The Challenges of Welding Aluminum

Aluminum has certain properties which make it more challenging to weld than other metals. Its relatively high thermal conductivity (approx. 209 W/m K) and low melting point (1,221°F/660.3°C) make it such that only fusion welding processes can be used to weld it.

Fusion welding processes, such as MIG, TIG, Laser, and Electron Beam, generate intense heat in a small area to melt the material in the desired weld area. This small heat affected zone is essential as aluminum’s high thermal conductivity tends to result in heat traveling throughout the work piece, either melting too much material or deforming the entire part. The amount of heat applied and the location to which it is applied must be controlled very precisely. Manual welding processes, such as MIG and TIG, rely on operator skill and heat sinking to control these factors. Because aluminum doesn’t change in appearance as it approaches its melting point, welding processes which require visual judgment of material readiness can be unreliable.
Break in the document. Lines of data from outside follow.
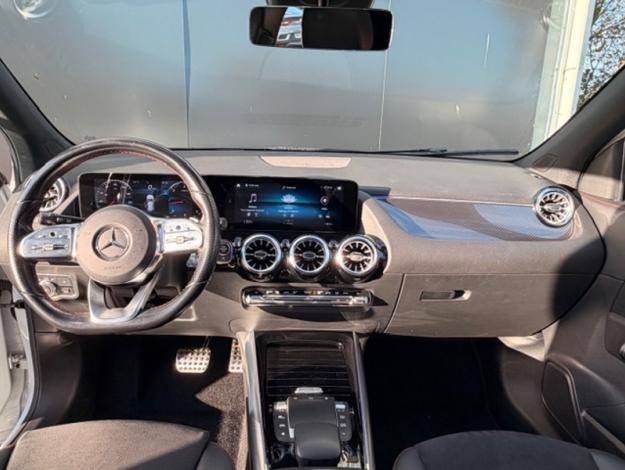 MERCEDES-BENZ GLA 200 d AMG Line  GLA 200 d AMG Line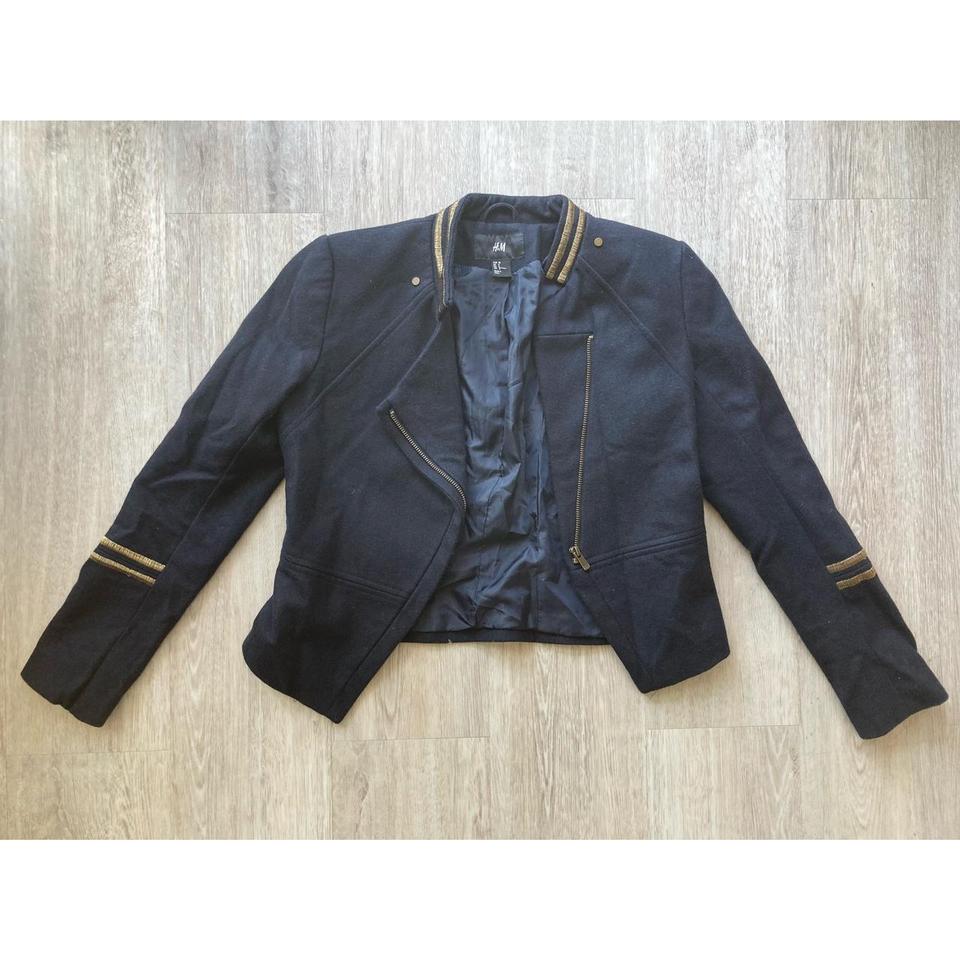 Navy/Dark blue blazer with scalloped detail. Size 8/M - Depop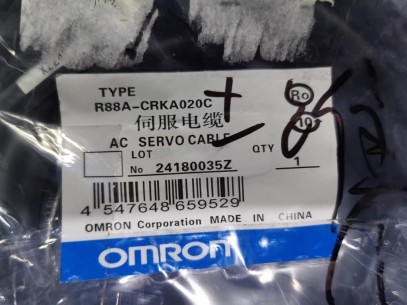 R88A-CRKA020C Omron Servo Cable 20M NEW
Automated methods, such as Laser and Electron Beam, which use computers to control feed rate, power, and weld location, offer more precise and consistent weld quality.

Aluminum Oxidation

Another challenge of welding aluminum involves the formation of oxide film on the work surface. The melting point of aluminum oxide is approximately 3x the melting point of pure aluminum, which can result in particles of aluminum oxide contaminating the weld and leading to porosity issues. In most cases, oxide film must be removed either by mechanical or chemical means prior to welding. Aluminum oxide can affect laser welding: oxide films can change the reflectivity of the parts surface, which negatively impacts the amount of laser energy making it to the base metal.

Hydrocarbon Contamination

Hydrocarbon contamination of aluminum during storage and preparation of the material can cause problems when welding. Aluminum parts are frequently formed, sheared, sawed and machined prior to the welding operation. If a lubricant is used during any of these pre-weld operations, complete removal of the lubricant prior to welding is essential to avoid bad welds. Prudence dictates that aluminum parts which are to be welded should be pre-weld processed in such a manner that minimal to no lubricants are used — sawing and machining of aluminum should be performed dry, if possible, and if not, the parts must be thoroughly cleaned.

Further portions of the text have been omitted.